We left Reykjavik early Monday morning and headed out on Rt 1, the ring road that goes all the way around the coast of Iceland. We had a lot of driving to do, because we were trying to get as far east as we could that first night, to give ourselves more time in near the large glacier, Vatnajokull. Elsa had told us to make a note of places we might want to stop at on our return trip, but after the small city of Selfoss, we immediately became distracted by the breathtaking landscape, and ended up stopping a lot more than we'd planned to look around and take photos.
Iceland is almost entirely uncurated and devoid of touristy signs as well as warnings about danger. You pretty much visit at your own risk, and have to exercise your won good judgement. I like that, frankly.
There are small, understated signs along the road with a symbol indicating natural features of interest. The Icelandic word for waterfall is "foss," so when I noticed a sign saying "Urriðafoss" we decided to veer off and see it, and were glad we did. Urriðafoss has one of the highest columes of water of any waterfall in the country, and there were once plans to build a power plant there because of its proximity to Reykjavik - which fortunately hasn't happened.
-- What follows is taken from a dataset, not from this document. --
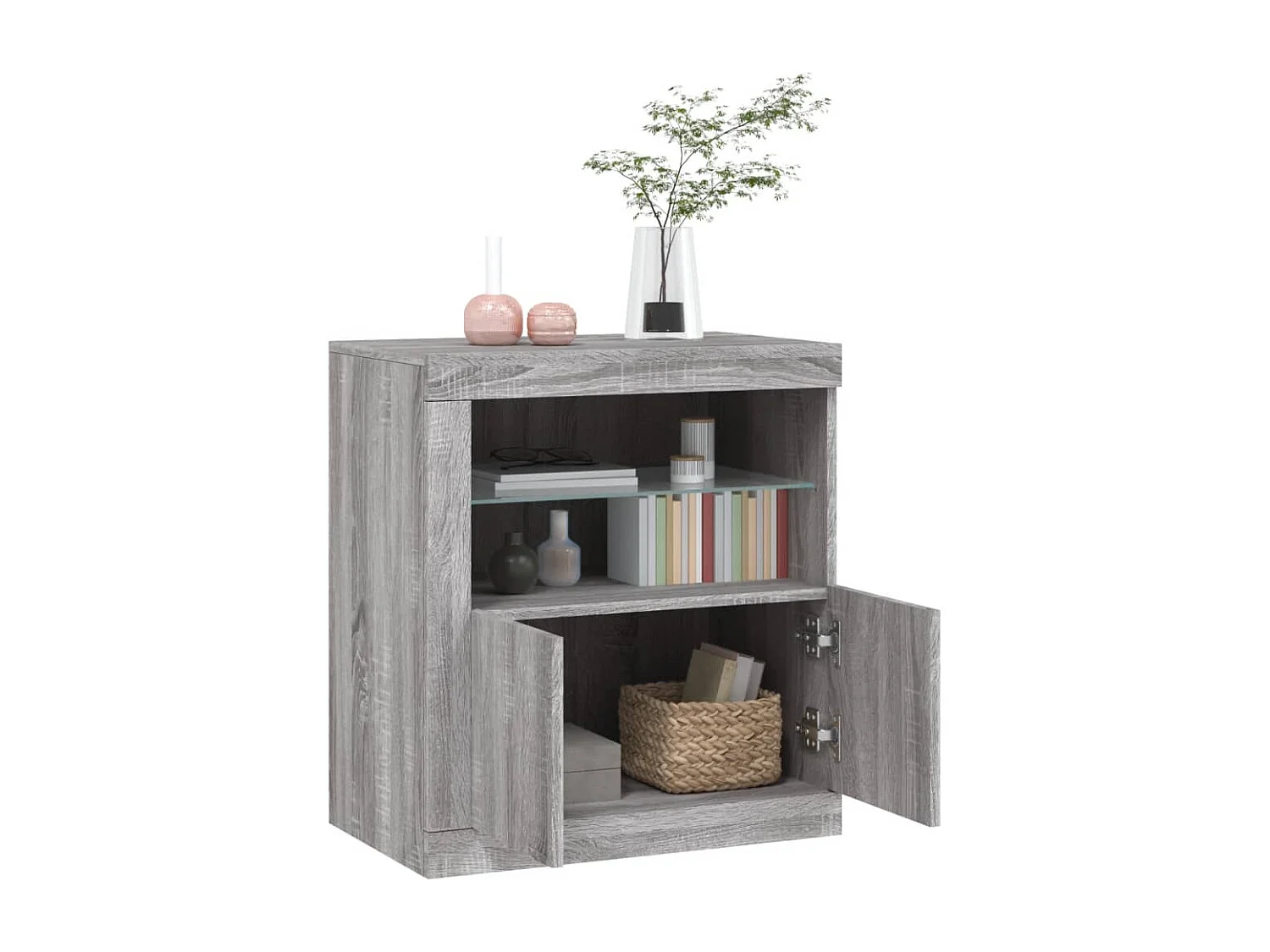 Aparador con luces LED gris Sonoma 60,5x37x67 cm ES117504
It was wild and beautiful and deserted.
The countryside here is fairly pastoral, with large fields filled with sheep, or hay that's been baled and wrapped into plastic "marshmallows." Iceland has many more sheep than people.
To the right of the mountain above you can see our first glimpse of a glacier - that's Eyjafjallajökull, one of the smaller ice caps in Iceland but certainly one of the most famous.
It was thrilling to come closer and closer to the glacier and begin to see it take form, but we had no idea of what to expect on the road ahead. The weather on the coast is notoriously uncertain, and we knew that we might only get glimpses of the glaciers and mountains through clouds and fog.
Soon we had the mountains on our left, and black volcanic sands stretching from the right side of the road all the way to the sea. Across the sands we could see the Westmann Islands, like an apparition of mountains arising from the sands rather than the ocean. We'd be taking a ferry to this archipelago, which contains the newest land in Iceland, a few days later.